ACTIVITY:
Drop all pictures and repeat exactly the lines from the line holding "Louis Vuitton Monogram" through the end of the records.

[Stored entries]
----

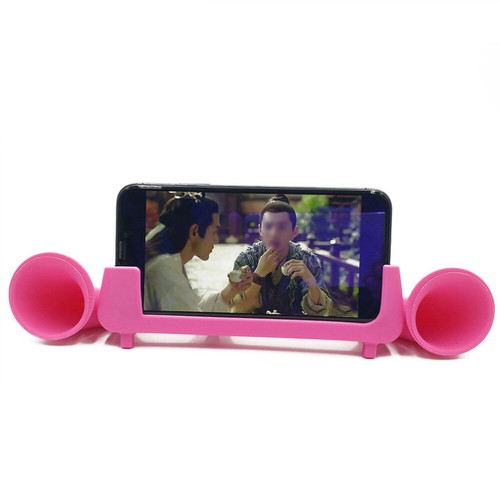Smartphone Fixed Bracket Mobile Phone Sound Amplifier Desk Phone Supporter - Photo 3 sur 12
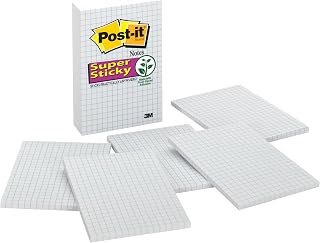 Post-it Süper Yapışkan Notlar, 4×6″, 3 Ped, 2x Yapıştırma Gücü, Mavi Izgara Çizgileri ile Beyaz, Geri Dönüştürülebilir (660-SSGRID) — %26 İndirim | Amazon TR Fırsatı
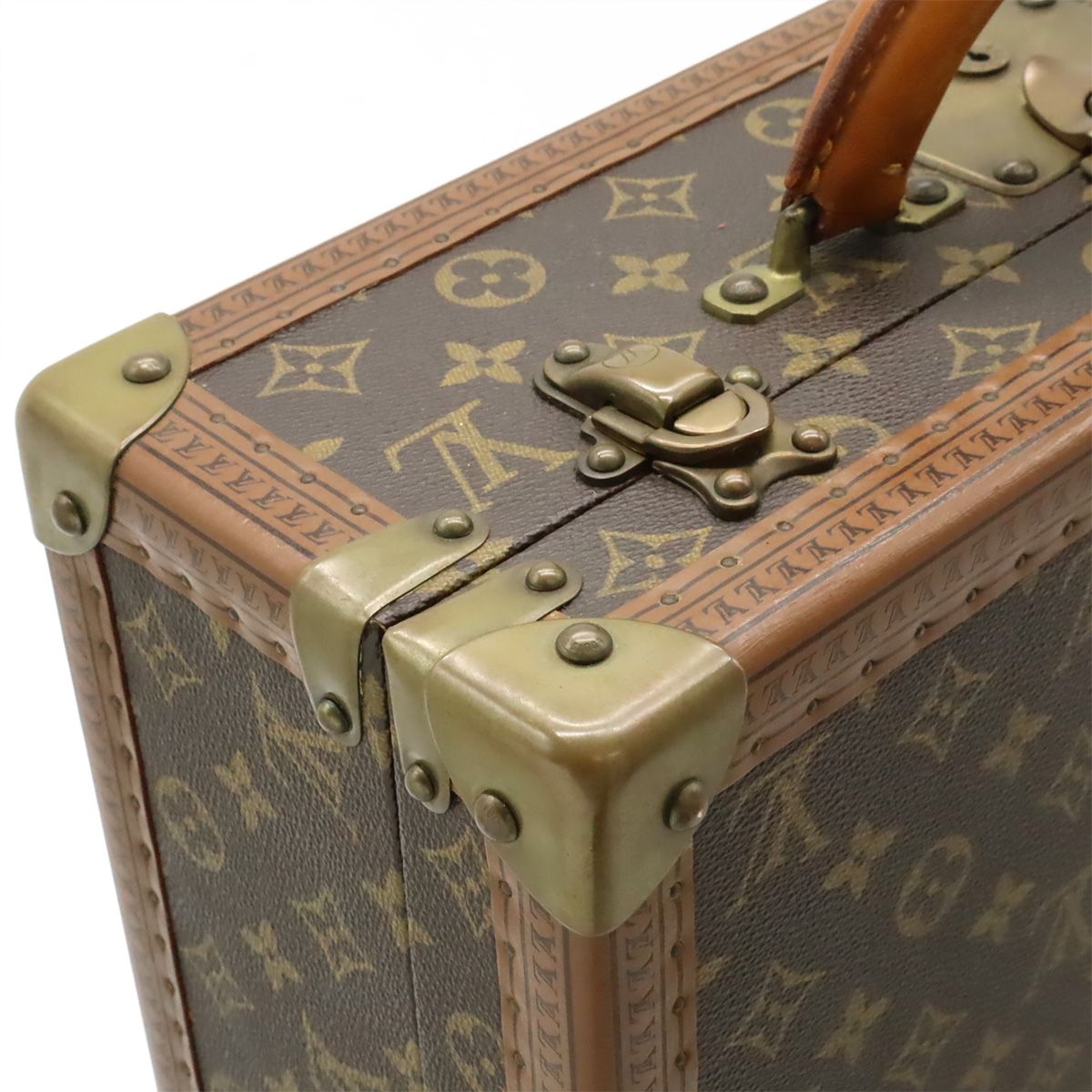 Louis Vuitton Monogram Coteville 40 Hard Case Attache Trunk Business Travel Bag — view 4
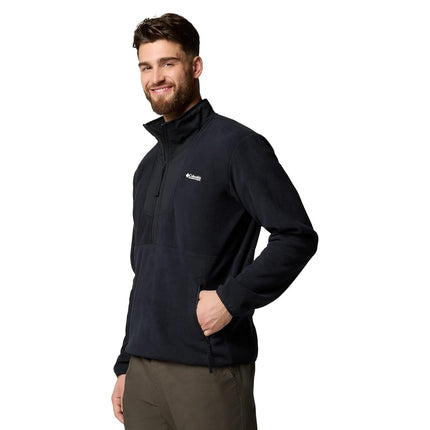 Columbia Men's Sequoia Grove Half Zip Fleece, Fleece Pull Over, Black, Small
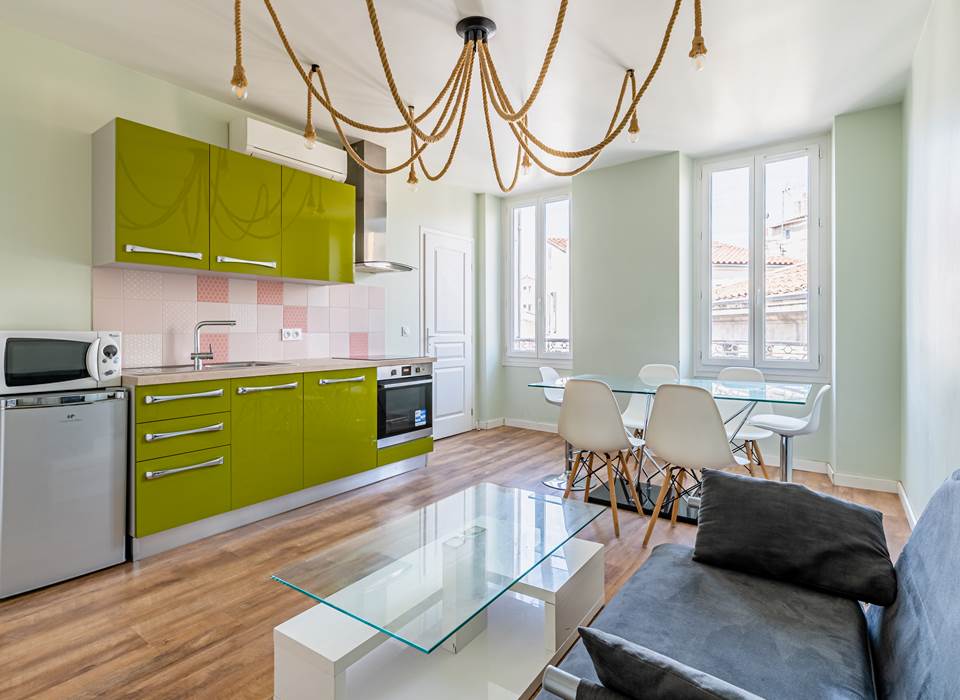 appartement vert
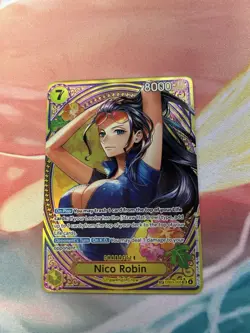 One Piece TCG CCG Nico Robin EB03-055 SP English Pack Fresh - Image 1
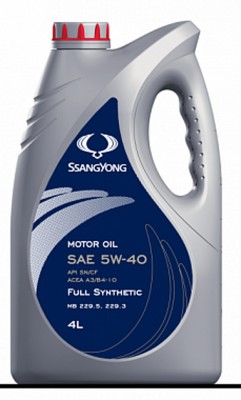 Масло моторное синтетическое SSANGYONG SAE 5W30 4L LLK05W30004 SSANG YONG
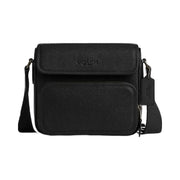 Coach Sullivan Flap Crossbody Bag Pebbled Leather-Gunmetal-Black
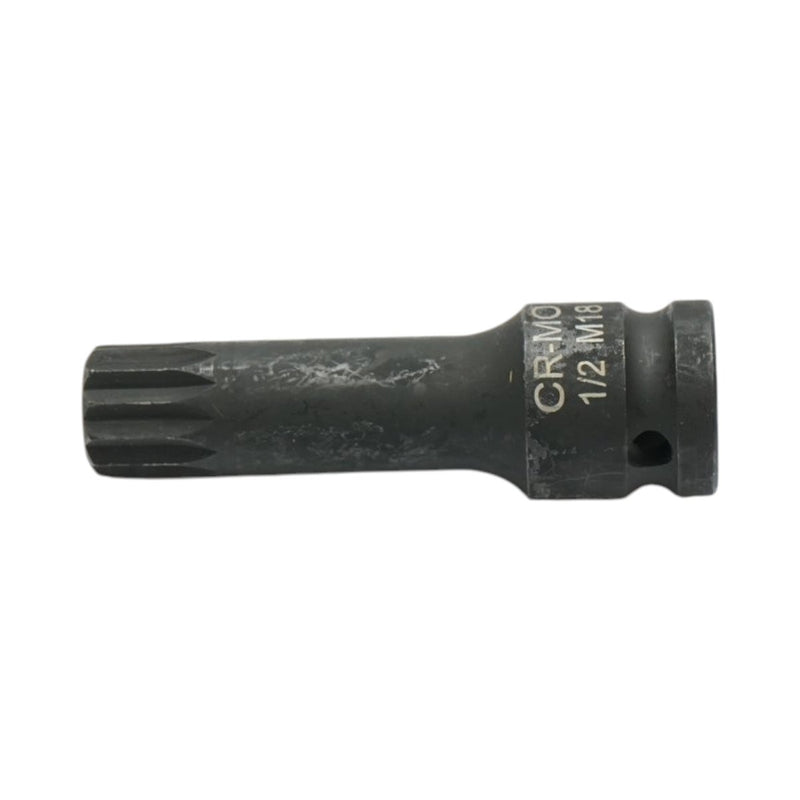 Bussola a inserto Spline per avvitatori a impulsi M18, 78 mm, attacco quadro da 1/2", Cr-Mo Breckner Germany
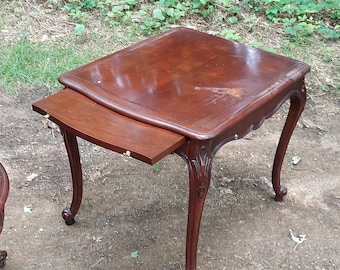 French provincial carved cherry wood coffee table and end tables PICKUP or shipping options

----

TASK RESPONSE:
 Louis Vuitton Monogram Coteville 40 Hard Case Attache Trunk Business Travel Bag — view 4
 Columbia Men's Sequoia Grove Half Zip Fleece, Fleece Pull Over, Black, Small
 appartement vert
 One Piece TCG CCG Nico Robin EB03-055 SP English Pack Fresh - Image 1
 Масло моторное синтетическое SSANGYONG SAE 5W30 4L LLK05W30004 SSANG YONG
 Coach Sullivan Flap Crossbody Bag Pebbled Leather-Gunmetal-Black
 Bussola a inserto Spline per avvitatori a impulsi M18, 78 mm, attacco quadro da 1/2", Cr-Mo Breckner Germany
 French provincial carved cherry wood coffee table and end tables PICKUP or shipping options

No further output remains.